(Image-caption web data)
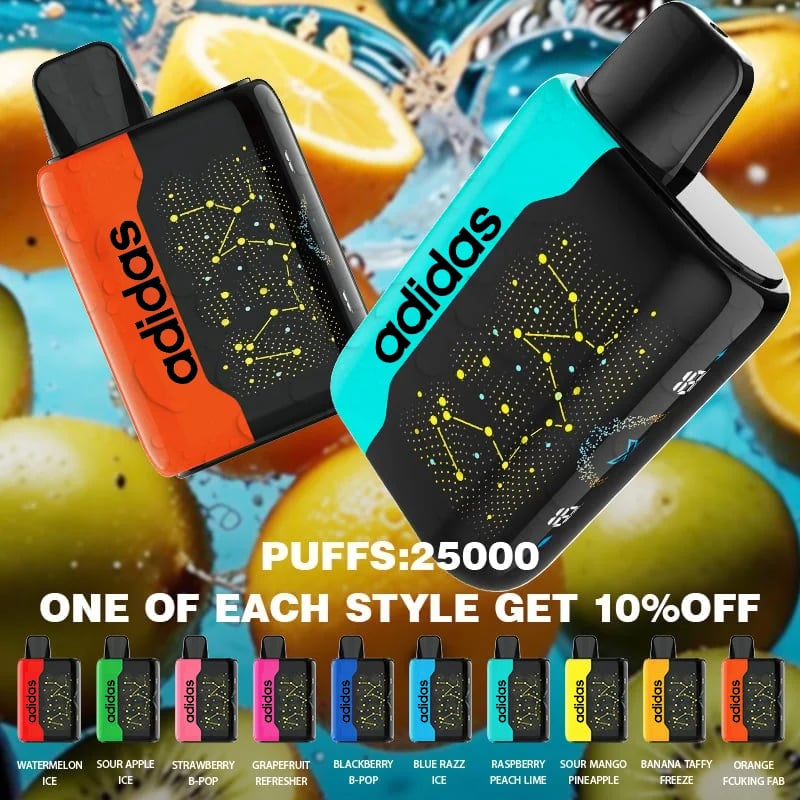 Limitka Adidas x VAPEPIE ⭐ 25 000 potahů | Pouze 1000 kusů!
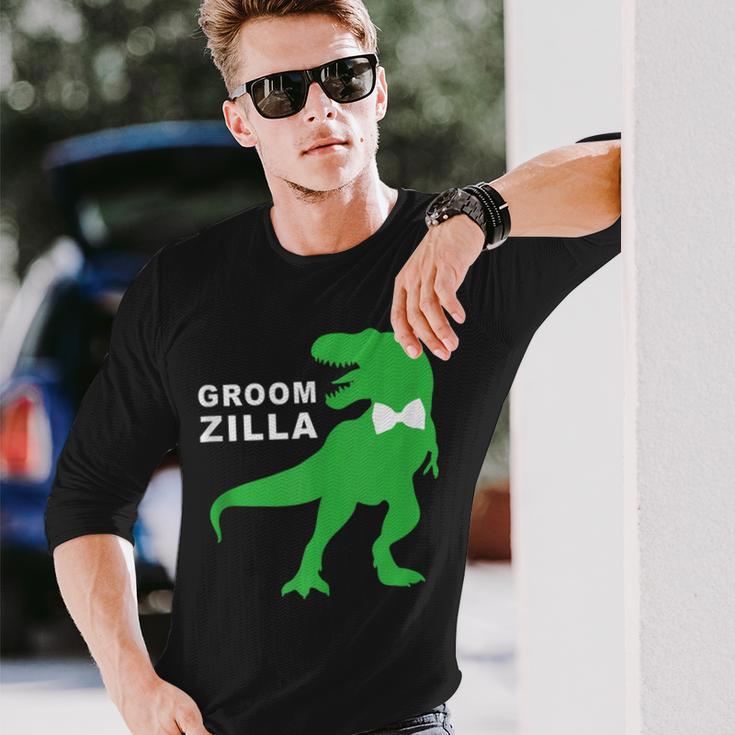 Wedding Groomzilla Groom Long Sleeve T-Shirt Gifts for Him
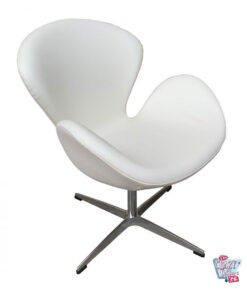 Swan Chair Vinilo Blanco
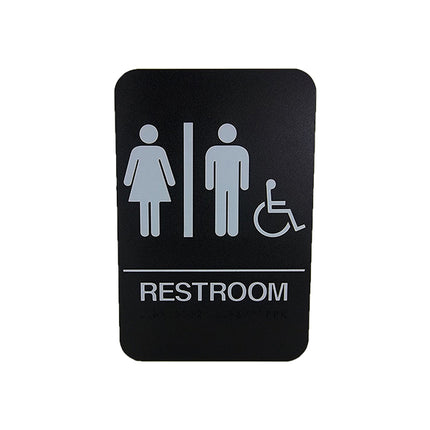 Cal Royal Men & Women ADA Restroom Sign, 6" x 9" - Hardware X Supply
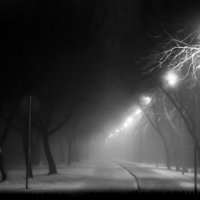 СПб, ночной туман :: Aleksandr Zubarev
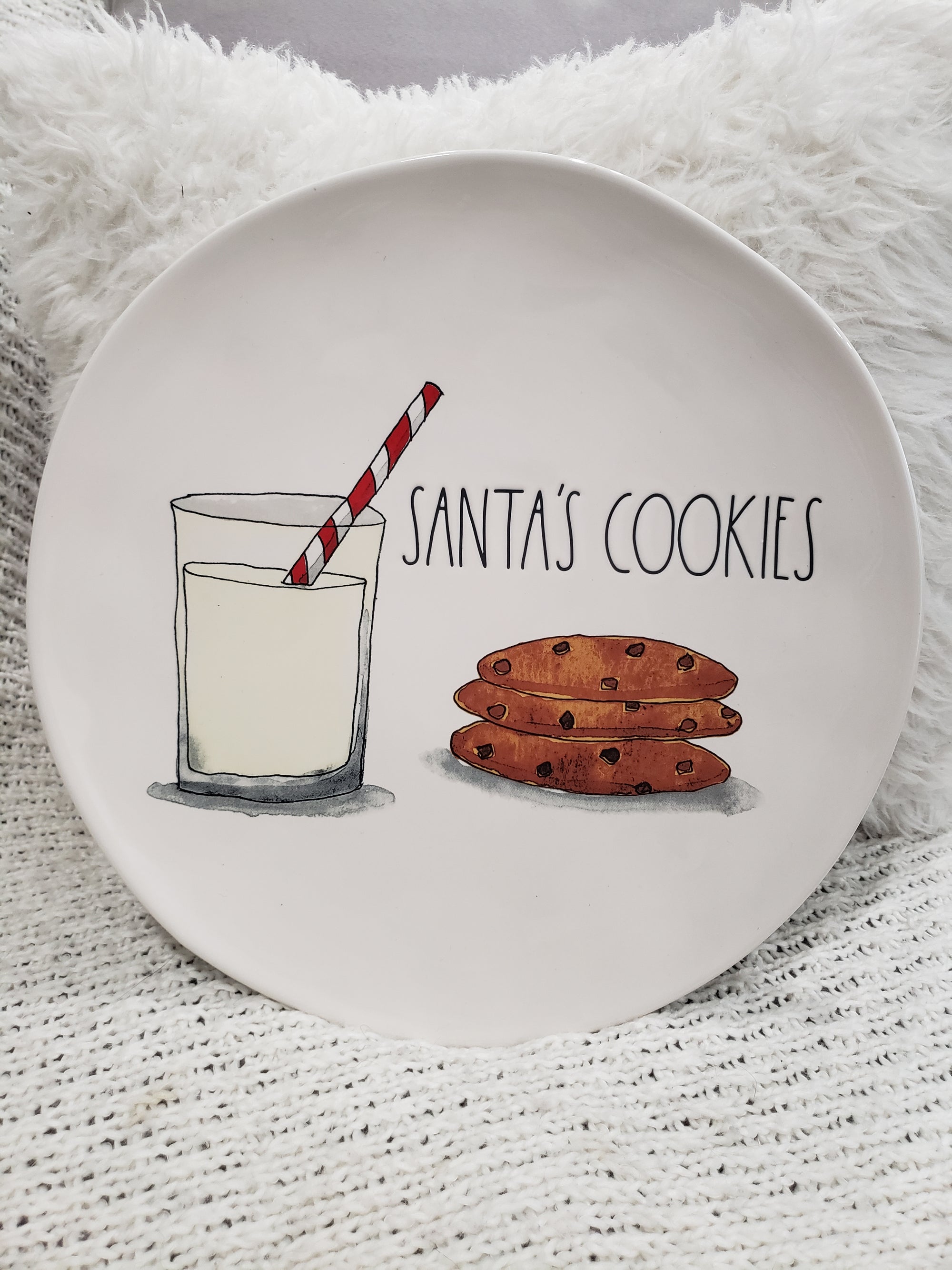 Rae Dunn "Santa's Cookies" Ceramic Holiday Dish Collection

§ **PROBLEM DESCRIPTION**: Please reproduce exactly and only the lines from the first line of the records through the line containing "СПб, ночной туман :: Aleksandr Zubarev", both included, omitting any pictures.

§ **RESPONSE TO THIS EXERCISE**:
 Limitka Adidas x VAPEPIE ⭐ 25 000 potahů | Pouze 1000 kusů!
 Wedding Groomzilla Groom Long Sleeve T-Shirt Gifts for Him
 Swan Chair Vinilo Blanco
 Cal Royal Men & Women ADA Restroom Sign, 6" x 9" - Hardware X Supply
 СПб, ночной туман :: Aleksandr Zubarev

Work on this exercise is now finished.